Poor College Completion Rate Costs the U.S. Billions
The U.S. and state governments lose out on billions in tax revenue because four in 10 college students are unlikely to earn their degree within six years, according to a new report by the American Institute for Research (AIR).
The AIR study, The High Cost of Low Graduation Rates: How Much Does Dropping Out of College Really Cost?, finds that of the 1.1 million full-time students who entered a four-year college in 2002 seeking bachelor degrees, almost 500,000 did not graduate within six years. AIR estimates that in 2010 these students cost the U.S. $3.8 billion in lost income that would have resulted in $566 million more in federal income taxes and $164 million more in lost state income taxes. In all, the 40 percent of freshmen in 2002 who failed to earn their degree costs the country $4.5 billion in 2010, according to the report.
"These findings represent just one year and one graduating class. Therefore, the overall costs of low graduation rates are much higher since these losses accumulate year after year," explained Mark Schneider, a vice president at AIR who co-authored the report with AIR researcher Lu (Michelle) Yin.

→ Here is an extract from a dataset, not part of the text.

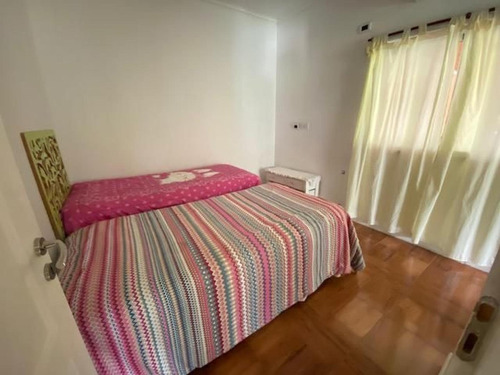 Imagen 21 de 21 de Hermosa Casa En Haras Del Sur 2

In addition to increasing revenues, the Obama administration could make significant strides toward its goal to have the highest concentration of college and university degrees in the world by increasing college completion rates for students who access higher education.
The inability to complete their program also has a negative impact on the individual students.
"Students who start college and don't graduate incur large personal expenses," Schneider said. "They have paid tuition, they have taken out loans, they have changed their lives and they have failed in one of the biggest goals they have ever set for themselves."
In the state-by-state analysis, AIR calculated that 14 states saw income losses from this single group of dropouts exceeding $100 million annually. Those include California, with $386 million in lost income, and New York with close to $360 million, to Louisiana, Massachusetts, North Carolina and New Jersey, all losing between $100 and $107 million in earnings. Losses in federal income tax saw were also substantial.
The report also highlights some of the financial implications for students who complete college compared to those who do not. Young adults between the ages of 25 and 34 with a college degree, working year round, earn around 40 percent more than someone with some college who has not completed a degree and around two-thirds more than someone with just a high school degree, according to the U.S. Bureau of the Census. A college graduate can earn about a half million dollars more over a lifetime than a person without a degree.
"Given these higher earnings, many governors are looking at a more educated population as a way of dealing with the growing fiscal crisis they face," said Schneider. "Most states have state income taxes and they benefit directly from the higher incomes earned by college graduates."
"Low college graduation rates are costly for students, for their families, and for taxpayers in each state and the nation as a whole," the report concludes.